[TASK DESCRIPTION] Two lines mark the range in the entries below: the one holding "Customer photo review" and the one holding "Moderne Appartement - Gare". Set down those two and all lines between them, exactly.

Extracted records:
- - -

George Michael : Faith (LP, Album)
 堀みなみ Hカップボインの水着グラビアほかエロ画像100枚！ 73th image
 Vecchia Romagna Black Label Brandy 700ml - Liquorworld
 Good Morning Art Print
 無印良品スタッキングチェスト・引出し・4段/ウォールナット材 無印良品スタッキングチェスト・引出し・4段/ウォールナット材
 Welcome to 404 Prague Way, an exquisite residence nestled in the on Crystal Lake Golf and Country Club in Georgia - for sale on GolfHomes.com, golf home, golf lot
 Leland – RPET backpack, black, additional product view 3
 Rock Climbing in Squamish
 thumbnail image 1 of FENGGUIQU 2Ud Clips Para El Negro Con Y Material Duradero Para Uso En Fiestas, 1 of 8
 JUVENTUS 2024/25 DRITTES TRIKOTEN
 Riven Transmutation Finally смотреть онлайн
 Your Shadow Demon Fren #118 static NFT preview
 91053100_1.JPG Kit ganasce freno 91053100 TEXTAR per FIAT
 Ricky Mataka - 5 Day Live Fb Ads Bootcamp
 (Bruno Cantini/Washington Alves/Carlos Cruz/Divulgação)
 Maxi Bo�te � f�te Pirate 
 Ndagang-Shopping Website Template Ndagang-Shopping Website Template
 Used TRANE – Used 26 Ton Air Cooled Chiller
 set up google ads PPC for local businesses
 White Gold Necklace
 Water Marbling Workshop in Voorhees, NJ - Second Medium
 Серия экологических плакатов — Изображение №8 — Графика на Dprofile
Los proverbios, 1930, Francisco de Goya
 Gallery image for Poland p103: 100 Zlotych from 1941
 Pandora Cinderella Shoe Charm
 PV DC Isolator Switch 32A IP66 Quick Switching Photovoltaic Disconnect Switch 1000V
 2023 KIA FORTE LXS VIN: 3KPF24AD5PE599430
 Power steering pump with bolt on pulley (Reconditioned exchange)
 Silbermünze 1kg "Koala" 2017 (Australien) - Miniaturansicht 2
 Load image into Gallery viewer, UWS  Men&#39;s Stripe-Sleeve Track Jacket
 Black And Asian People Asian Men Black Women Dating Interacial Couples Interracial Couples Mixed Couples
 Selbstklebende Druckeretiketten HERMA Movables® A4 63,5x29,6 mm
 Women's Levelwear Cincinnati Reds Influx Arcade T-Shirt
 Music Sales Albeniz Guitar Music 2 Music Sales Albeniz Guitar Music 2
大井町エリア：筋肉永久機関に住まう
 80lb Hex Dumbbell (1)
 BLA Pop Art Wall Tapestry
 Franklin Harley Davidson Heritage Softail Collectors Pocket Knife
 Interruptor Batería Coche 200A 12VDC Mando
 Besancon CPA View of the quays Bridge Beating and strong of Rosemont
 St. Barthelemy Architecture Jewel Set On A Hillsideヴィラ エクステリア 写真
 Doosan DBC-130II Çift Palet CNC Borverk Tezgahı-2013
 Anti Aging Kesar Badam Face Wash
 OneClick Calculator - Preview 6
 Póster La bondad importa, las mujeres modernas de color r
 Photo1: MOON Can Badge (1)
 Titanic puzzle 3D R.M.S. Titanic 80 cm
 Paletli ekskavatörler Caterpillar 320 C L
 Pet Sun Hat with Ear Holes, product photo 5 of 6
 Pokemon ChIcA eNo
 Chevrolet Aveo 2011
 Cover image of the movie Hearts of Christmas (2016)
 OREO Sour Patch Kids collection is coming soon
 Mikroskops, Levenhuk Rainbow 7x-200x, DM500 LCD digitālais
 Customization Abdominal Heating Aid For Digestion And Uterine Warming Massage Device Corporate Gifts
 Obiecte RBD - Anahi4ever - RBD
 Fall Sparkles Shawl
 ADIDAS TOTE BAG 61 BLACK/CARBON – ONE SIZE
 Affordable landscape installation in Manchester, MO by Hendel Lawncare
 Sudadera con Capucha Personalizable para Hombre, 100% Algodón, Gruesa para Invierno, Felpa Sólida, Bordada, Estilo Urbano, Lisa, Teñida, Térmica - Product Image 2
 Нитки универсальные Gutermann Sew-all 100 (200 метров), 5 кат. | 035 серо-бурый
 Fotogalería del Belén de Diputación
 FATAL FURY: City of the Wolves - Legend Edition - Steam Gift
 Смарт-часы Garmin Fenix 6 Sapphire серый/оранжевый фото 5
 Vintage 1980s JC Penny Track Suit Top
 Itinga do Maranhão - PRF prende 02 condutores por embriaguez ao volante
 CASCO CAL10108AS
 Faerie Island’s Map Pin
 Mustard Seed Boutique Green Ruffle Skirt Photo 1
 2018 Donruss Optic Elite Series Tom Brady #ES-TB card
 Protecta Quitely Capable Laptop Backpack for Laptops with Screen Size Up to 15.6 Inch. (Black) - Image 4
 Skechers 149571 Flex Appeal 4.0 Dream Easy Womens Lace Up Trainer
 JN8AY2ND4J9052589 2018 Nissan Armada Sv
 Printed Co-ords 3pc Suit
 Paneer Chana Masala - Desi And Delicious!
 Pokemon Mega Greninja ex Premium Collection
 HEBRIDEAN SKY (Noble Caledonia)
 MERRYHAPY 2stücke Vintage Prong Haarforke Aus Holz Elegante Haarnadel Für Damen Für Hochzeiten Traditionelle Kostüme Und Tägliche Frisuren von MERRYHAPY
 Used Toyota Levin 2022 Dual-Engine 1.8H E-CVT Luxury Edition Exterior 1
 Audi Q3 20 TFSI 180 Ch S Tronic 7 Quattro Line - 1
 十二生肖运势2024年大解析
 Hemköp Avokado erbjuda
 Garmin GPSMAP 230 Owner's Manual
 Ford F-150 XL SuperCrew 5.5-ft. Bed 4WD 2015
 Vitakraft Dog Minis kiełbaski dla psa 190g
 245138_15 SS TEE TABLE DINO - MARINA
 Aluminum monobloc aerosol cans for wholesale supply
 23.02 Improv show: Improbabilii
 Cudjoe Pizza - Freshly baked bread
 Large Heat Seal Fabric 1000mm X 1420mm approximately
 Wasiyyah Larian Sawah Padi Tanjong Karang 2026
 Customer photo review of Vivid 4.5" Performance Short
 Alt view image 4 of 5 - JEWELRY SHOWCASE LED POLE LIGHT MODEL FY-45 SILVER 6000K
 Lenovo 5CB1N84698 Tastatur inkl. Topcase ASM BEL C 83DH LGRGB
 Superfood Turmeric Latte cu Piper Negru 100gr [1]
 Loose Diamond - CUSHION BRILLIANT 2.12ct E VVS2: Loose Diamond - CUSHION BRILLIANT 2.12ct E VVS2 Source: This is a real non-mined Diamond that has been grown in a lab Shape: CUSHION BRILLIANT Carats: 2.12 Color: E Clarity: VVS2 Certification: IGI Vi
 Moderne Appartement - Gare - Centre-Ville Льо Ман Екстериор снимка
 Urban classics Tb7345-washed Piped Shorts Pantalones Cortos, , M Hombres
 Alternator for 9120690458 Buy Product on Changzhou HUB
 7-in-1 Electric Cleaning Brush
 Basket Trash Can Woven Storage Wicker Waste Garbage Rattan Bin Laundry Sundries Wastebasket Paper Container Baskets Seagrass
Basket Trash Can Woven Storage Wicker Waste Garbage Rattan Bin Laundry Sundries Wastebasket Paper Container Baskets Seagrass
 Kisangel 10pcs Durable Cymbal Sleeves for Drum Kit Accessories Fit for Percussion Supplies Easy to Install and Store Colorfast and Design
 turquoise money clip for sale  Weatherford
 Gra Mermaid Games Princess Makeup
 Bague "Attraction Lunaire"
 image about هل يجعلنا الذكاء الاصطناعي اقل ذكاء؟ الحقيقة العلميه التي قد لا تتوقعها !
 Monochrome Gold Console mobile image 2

- - -

[ANSWER TO THE EXERCISE]
 Customer photo review of Vivid 4.5" Performance Short
 Alt view image 4 of 5 - JEWELRY SHOWCASE LED POLE LIGHT MODEL FY-45 SILVER 6000K
 Lenovo 5CB1N84698 Tastatur inkl. Topcase ASM BEL C 83DH LGRGB
 Superfood Turmeric Latte cu Piper Negru 100gr [1]
 Loose Diamond - CUSHION BRILLIANT 2.12ct E VVS2: Loose Diamond - CUSHION BRILLIANT 2.12ct E VVS2 Source: This is a real non-mined Diamond that has been grown in a lab Shape: CUSHION BRILLIANT Carats: 2.12 Color: E Clarity: VVS2 Certification: IGI Vi
 Moderne Appartement - Gare - Centre-Ville Льо Ман Екстериор снимка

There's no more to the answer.